JAKARTA, HOLOPIS.COM – Ketua Badan Kerja Sama Antar Parlemen (BKSAP) DPR RI Fadli Zon mendukung Pulau Penyengat di Provinsi Kepulauan Riau menjadi tempat bersejarah atau monumen lahirnya Bahasa Melayu sebagai cikal-bakal lahirnya bahasa persatuan, yaitu Bahasa Indonesia.
Sebab, di pulau tersebut terdapat makam Raja Haji Ali, yang selain sebagai Pahlawan Nasional, juga perumus konseptualisasi Bahasa Melayu dengan ragam-ragam buku dan karya sastra yang ditulis olehnya.
“Buku-buku yang ditulis Beliau di abad 19, menunjukkan bahwa secara historis sulit dibantah. Yang kemudian ada Van Ophuijsen juga memuat tulisan tentang Bahasa Melayu itu juga berdasarkan awalnya dari Raja Haji Ali. Salah satu karya sastra yang terkenal juga ada Gurindam 12,” ujar Fadli Zon seperti dilansir dari dpr.go.id, Minggu (13/2).
Selain terdapat makam Raja Haji Ali, di pulau yang luasnya kurang lebih 2 kilometer persegi ini, juga terdapat beberapa sastrawan, pujangga, budayawan Melayu lainnya. Serta Pulau Penyengat sebagai pusat Kerajaan Lingga pada tahun 1900. Sehingga, pulau tersebut lengkap sebagai pusat pemerintahan, adat-istiadat, agama Islam, dan kebudayaan Melayu.

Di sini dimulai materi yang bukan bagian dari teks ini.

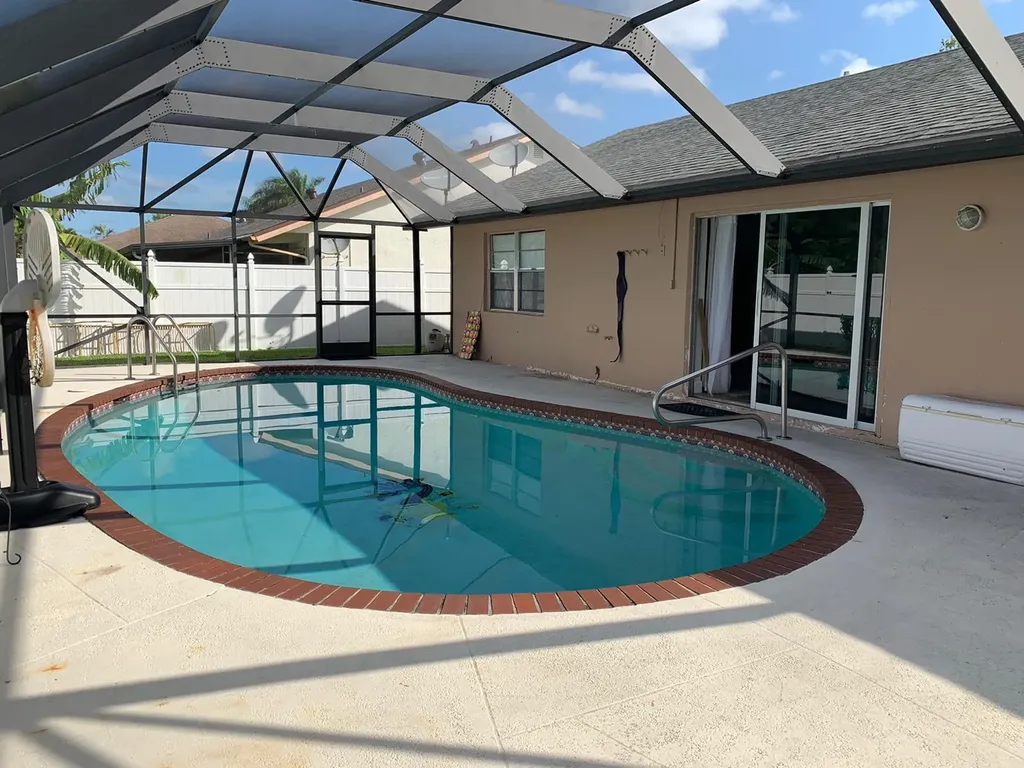 9610 Richmond Circle Boca Raton FL 33434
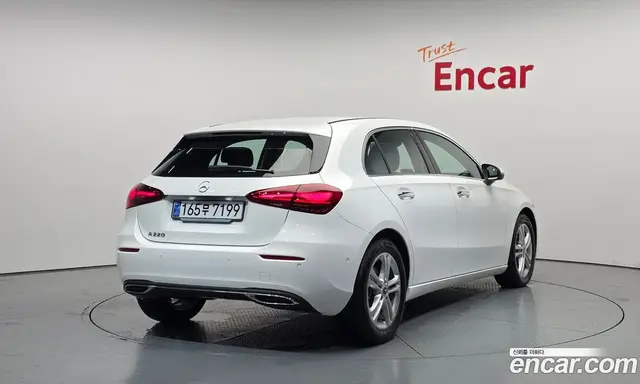Mercedes-Benz A-Class 2025 2.0 автомат (гидро), миниатюра 2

“Saya kira penting bagi generasi penerus untuk memahami bahwa Bahasa Indonesia yang jadi Bahasa Persatuan dalam Sumpah Pemuda itu, berinduk dari Bahasa Melayu dan juga mengacu apa yang dikembangkan oleh Raja Haji Ali di pulau ini,” tambah Anggota Fraksi Partai Gerindra DPR RI ini.
Karena itu, jika Pulau Penyengat memiliki monumen bersejarah, masyarakat luas akan memahami simbol persatuan yang berasal dari Bahasa Melayu yang kemudian menjadi Bahasa Indonesia. “Sehingga di Pulau Penyengat ini tempat lahirnya Bahasa Melayu oleh Raja Ali Haji,” ujar Anggota Komisi I DPR RI tersebut.
Diketahui, kunjungan kerja Fadli Zon ke Kepri ini, adalah dalam rangka untuk persiapan pembentukan Asosiasi Anggota Parlemen Berbahasa Melayu (AAPBM) atau Association of Parliamentarians Malay Speaking.
Dengan harapan Jika inisiatif BKSAP DPR RI untuk menjadikan Bahasa Melayu dapat diterima oleh negara-negara di dunia yang bertutur Melayu lalu terbentuk asosiasinya, sehingga Bahasa Melayu tersebut dapat digunakan di forum-forum internasional.
“Misalnya bisa menjadi observer dalam IPU nanti, bisa digunakan dalam bahasa kerja di AIPA. Sekarang ini dalam pertemuan parlemen negara-negara ASEAN masih gunakan Bahasa Inggris, kenapa tidak dalam IPU atau AIPA misalnya kita gunakan Bahasa Melayu?” tegas Fadli.